Predictable Thermal Processes

© FraunhoferIWM
Light-microscopic image of the different microstructural zones of a welded joint.

To achieve the desired mechanical, chemical, and physical properties of components in thermal processes such as welding, casting, hardening, sintering, and laser melting, a thorough understanding of the diffusion, recrystallization, and phase transformation processes occurring within the materials is required. This is crucial for process control and, ultimately, the durability, strength, and resistance of components.

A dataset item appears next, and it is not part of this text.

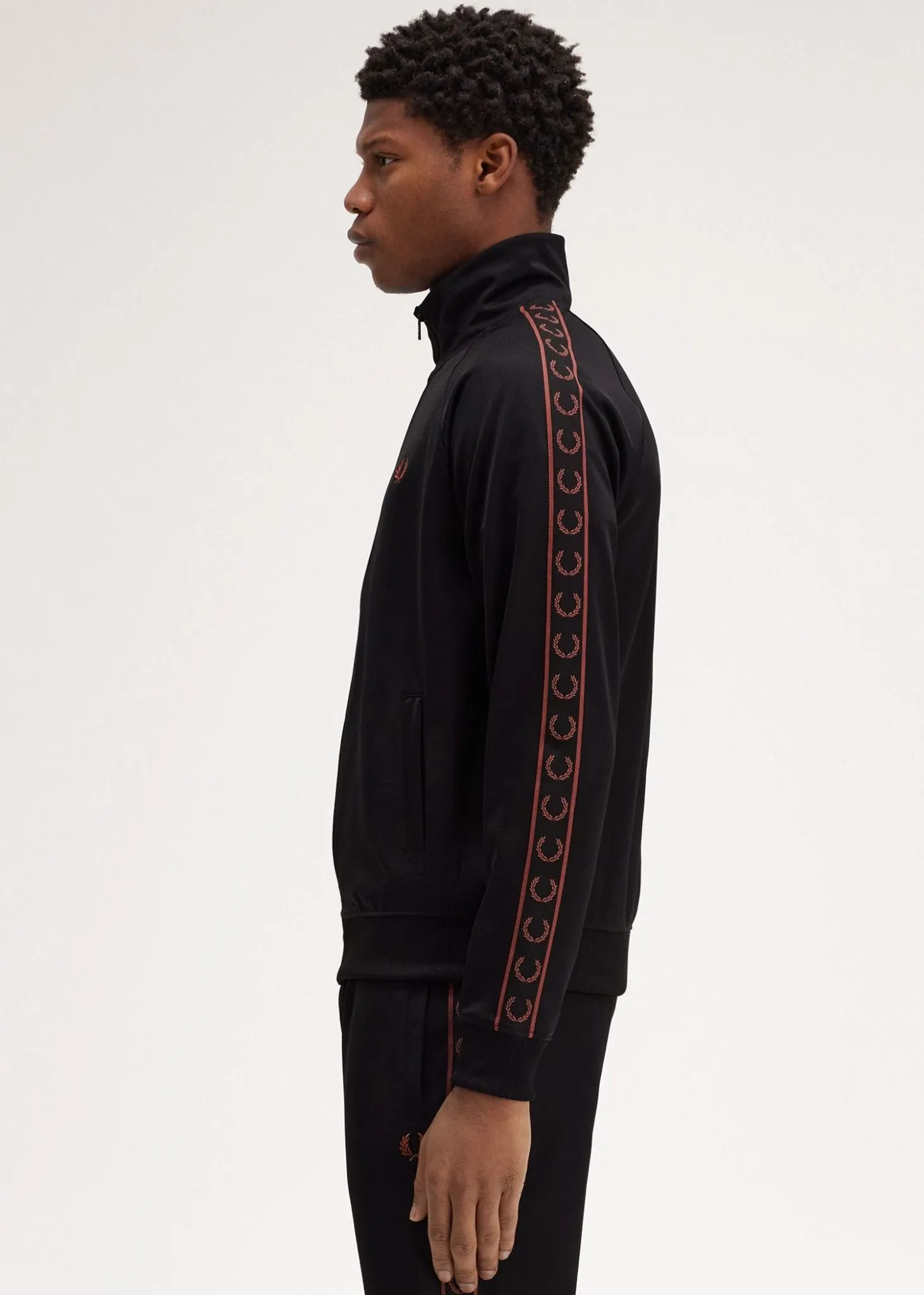 Contrast tape track jacket - black whisky brown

Examples of specific challenges we address in our projects:

  • Temperature control in heat treatment
  • Achieving desired microstructures
  • Phase separation and diffusion processes in multiphase alloys
  • Residual stress management and distortion control
  • Porosity and density control during sintering
  • Parameter tuning in selective laser melting

Predictable Thermal Processes — Use Cases

We make materials predictable. In our application examples, we demonstrate how we work and how our various R&D services work together to create a comprehensive solution.

 

Optimized steel surfaces through laser resurfacing

Laser resurfacing of steel surfaces is an attractive method for improving the wear resistance, hardness, or corrosion resistance of surfaces. It allows damaged surfaces to be repaired and materials to be applied in a targeted manner.

 

Materials and residual stress conditions in induction hardening

When induction hardening large components, such as bearing rings in wind turbines, the component is often heated using a moving inductor due to its size. This allows for targeted improvements in wear resistance and service life.

 

Optimized precipitation hardening of copper alloys

Precipitation hardening is a crucial mechanism for improving the mechanical properties of materials, particularly Cu alloys, which require not only high strength but also high electrical conductivity. Especially in contact materials for connectors, small, finely distributed precipitates in a homogeneous mixed-crystal matrix are required to meet the requirements for strength, relaxation properties, and conductivity.

 

Internal stresses in offshore jacket pipes used to predict fatigue strength

Internal stresses in large jacket pipes play a crucial role in the structural integrity of offshore wind turbines. Due to their complex geometry, internal stresses are difficult to determine; however, given the long required service life and climatic stresses, knowledge of these stresses is of great importance for safe component design.

 

Residual stress analyses of laser welds

Due to the high temperature gradients and rapid cooling rates involved in laser welding, complex residual stresses develop that can lead to warping, cracking, or reduced component strength. The challenge lies in precisely measuring and evaluating these residual stresses to ensure the reliability and service life of the welded components.

 

Reliablej Al-Cu joints via magnetic pulse welding

Due to its excellent electrical conductivity and formability, copper is the standard material for electrical wiring, but it is more expensive and heavier than aluminum. In electromobility, therefore, aluminum and copper are used in parallel and must be joined at specific points in a way that ensures both material bonding and electrical conductivity. The oxide layers that spontaneously form on aluminum and the intermetallic phases at the joint can cause significant difficulties.

 

Minimizing the risk of cold cracks during welding

Cold cracks frequently occur when welding high-strength steels, which can significantly compromise component safety. These cracks usually develop locally in the weld zone due to the interaction of microstructure, residual stresses, and hydrogen pickup.

 

Damage mechanisms in structural steel welded joints

The crack initiation phase in welded joints—that is, where cracks form and how they grow—is of central importance for assessing component safety. Due to the heat input generated during welding, several microstructural zones (base metal, heat-affected zone, weld bead) with different mechanical properties form side by side. Precise knowledge of crack initiation is necessary, as the fracture-mechanical fatigue life assessment is based on an existing crack with a defined depth and width.

 

Degassing heat treatment for electroplated components

Degassing heat treatment is used to drive hydrogen out of electroplated components in order to prevent hydrogen embrittlement. Such heat treatments are usually based on experimental trials, with guidelines regarding temperatures and treatment times often being imprecise. This leads to conservative, time and cost-intensive processes that do not adequately account for the specific coating-substrate system and component geometry.